> _Work item_: Below are the entries to work from; restate word for word the portion that opens with the line containing "The Don Anibal" and closes with the line containing "Baby's belly with", keeping both.

> _Records shown_:
BEGIN

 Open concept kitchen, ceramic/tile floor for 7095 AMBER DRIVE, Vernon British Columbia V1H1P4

END
BEGIN

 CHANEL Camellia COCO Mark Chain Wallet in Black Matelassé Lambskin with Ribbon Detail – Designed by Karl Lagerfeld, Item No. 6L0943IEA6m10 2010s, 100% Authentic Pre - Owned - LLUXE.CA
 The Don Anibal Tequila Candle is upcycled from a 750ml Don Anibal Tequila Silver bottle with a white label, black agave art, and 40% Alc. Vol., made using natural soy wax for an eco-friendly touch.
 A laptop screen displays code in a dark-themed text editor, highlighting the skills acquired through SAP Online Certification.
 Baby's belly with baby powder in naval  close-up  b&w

END
BEGIN

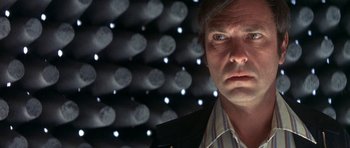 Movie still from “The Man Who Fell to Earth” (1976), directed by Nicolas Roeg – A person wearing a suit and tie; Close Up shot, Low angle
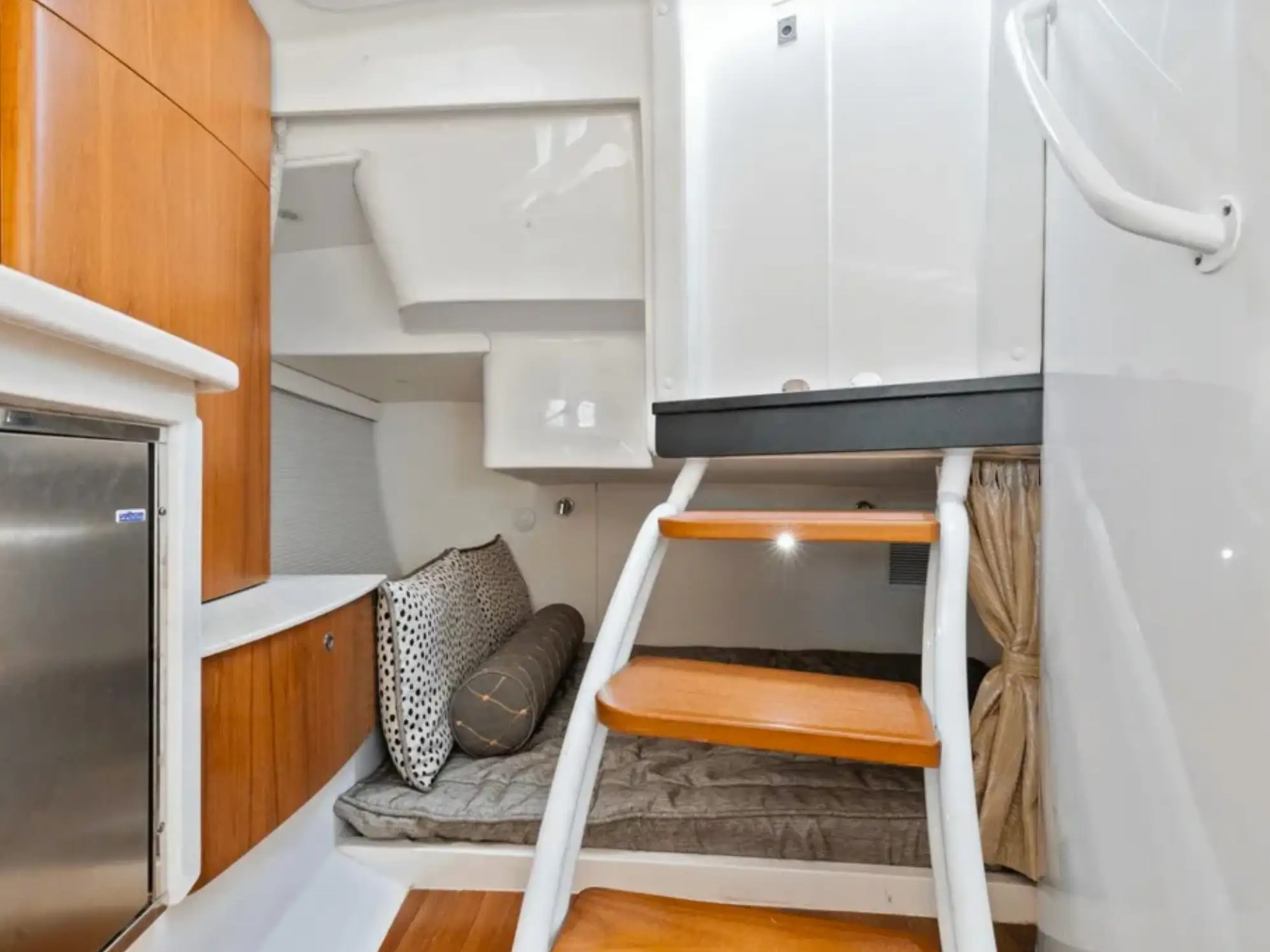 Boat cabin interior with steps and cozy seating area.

END

> _Task solution_:
 The Don Anibal Tequila Candle is upcycled from a 750ml Don Anibal Tequila Silver bottle with a white label, black agave art, and 40% Alc. Vol., made using natural soy wax for an eco-friendly touch.
 A laptop screen displays code in a dark-themed text editor, highlighting the skills acquired through SAP Online Certification.
 Baby's belly with baby powder in naval  close-up  b&w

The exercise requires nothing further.